Below is a table showing which “modules” (sections) of the 10 trials Roche has so far refused to make available.⇓ Also attached is a graphic, taken from a single study report, which explains the kind of content contained in each module of a full study report.⇓ This gives an indication of what can be expected in the modules that Roche has as yet not provided.
The Cochrane reviewers now know that there are at least 123 trials of oseltamivir and that most (60%) of the patient data from Roche’s phase III completed treatment trials remain unpublished. We have concerns on a number of fronts: the likely overstating of effectiveness and the apparent under-reporting of potentially serious adverse effects. Meanwhile, oseltamivir has just been added to the World Health Organization’s List of Essential Medicines, alongside aspirin and β blockers.
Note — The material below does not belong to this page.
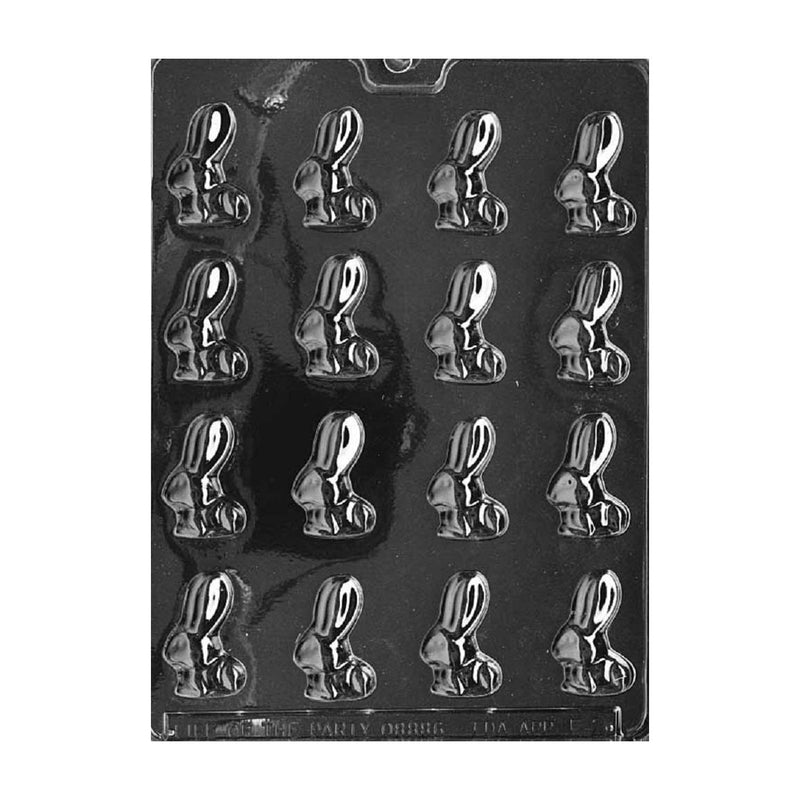 Bite Size Long Eared Bunny Chocolate Mold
On behalf of the Cochrane collaborators and public health decision makers around the world, I ask Roche to honour its publicly stated promise to make available the full clinical study reports. In order for the Cochrane collaborators to properly analyse these data they will need individual patient data in electronic format.
Oseltamivir has been a great commercial success for Roche. Billions of pounds of public money have been spent on it, and yet the evidence on its effectiveness and safety remains hidden from appropriate and necessary independent scrutiny. I am appealing to you, as an internationally respected scientist and clinician and a leader of clinical research in the United Kingdom, to bring your influence to bear on your colleagues on Roche’s board. As company directors, responsibility for Roche’s behaviour rests with you, as individuals and collectively. In refusing to release these data of enormous public interest, you put Roche outside the circle of responsible pharmaceutical companies. Releasing the data would do a great deal to restore confidence in the company and its board of directors.
We plan to publish this letter in the BMJ, and we would welcome a reply from you to publish alongside it. We would need to receive your reply by Thursday 18 October or Friday 19 at the latest. I look forward to hearing from you.
With best wishes
Cite this as: BMJ 2012;345:e7305
Competing interests: None declared.
This is an edited version of the letter sent to Roche on 11 October 2012; the original is at bmj.com/tamiflu. John Bell has responded saying that he has referred the letter to Roche.